Also, we have all most probably been in some ones house and looked at the old greenish blue, even orangish wedding photo on the sideboard.
Simple enough job to get a decent colour print to replace it if you still have access to the original negative.
Quite an interesting topic is this.
We had a family friend (Gordy Kern) who owned a neighbourhood photo studio (Artona Studios) in Vancouver for decades. My parents arranged to have a portrait done of my brother and I - 7 and 10 years old respectively I think and one of the prints that resulted spent years in my grandparents' living room across the country, on top of the TV console, and often in sun from the window nearby.
After 8 - 10 or so years, the print had faded and discoloured a fair bit, and my Dad wanted a new print for my grandmother, who had become a widow by that time.
In the meantime, our family friend decided to sell the studio and business and retire. I had made friends with the buyers (John and Mark Rak), and did a bit of work for them too. So I asked the new owners for a favour. I asked if they could retrieve the negatives from the portrait session, and lend me the one that had been used for the print on my grandmother's TV, and they did that for me.

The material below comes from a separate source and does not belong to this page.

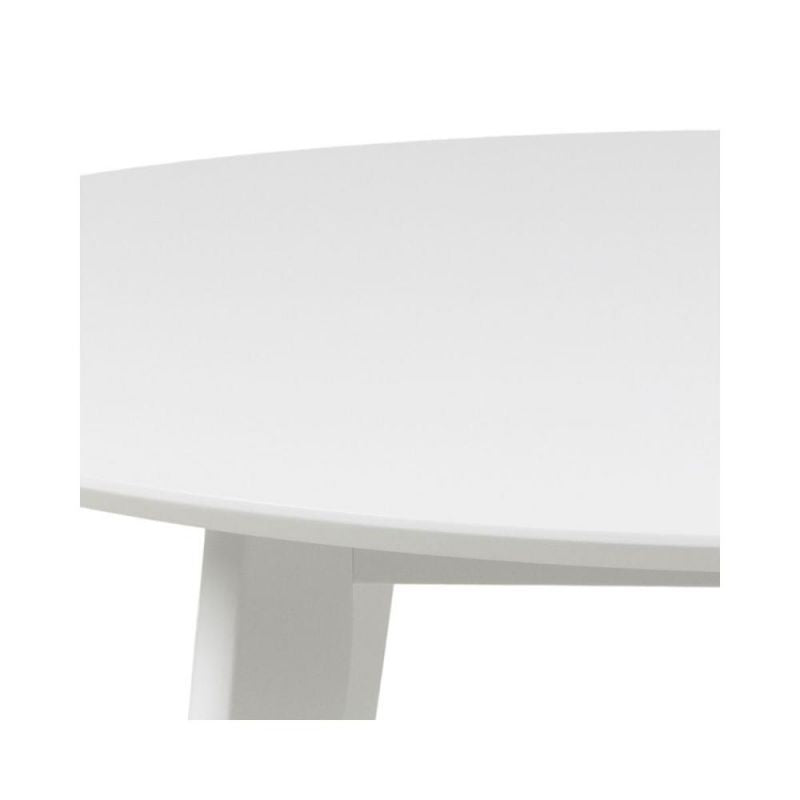 Masa de dining alba din MDF lacuit Ø105 cm Roxby Actona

I then took that negative to my pro lab (ABC Photocolour - which actually had been started by a group that included Gordy Kern) and had them make a couple of 8x10s reprints - and they came out great.
When I picked up the prints at ABC, the staff member looked at them, looked at (relatively young) me, and asked quizzically: "Are these your kids?"
The negative went back to Artona, who still are in business, after 114 years, concentrating on school and graduation photographs. I doubt they still have the old negatives, but who knows?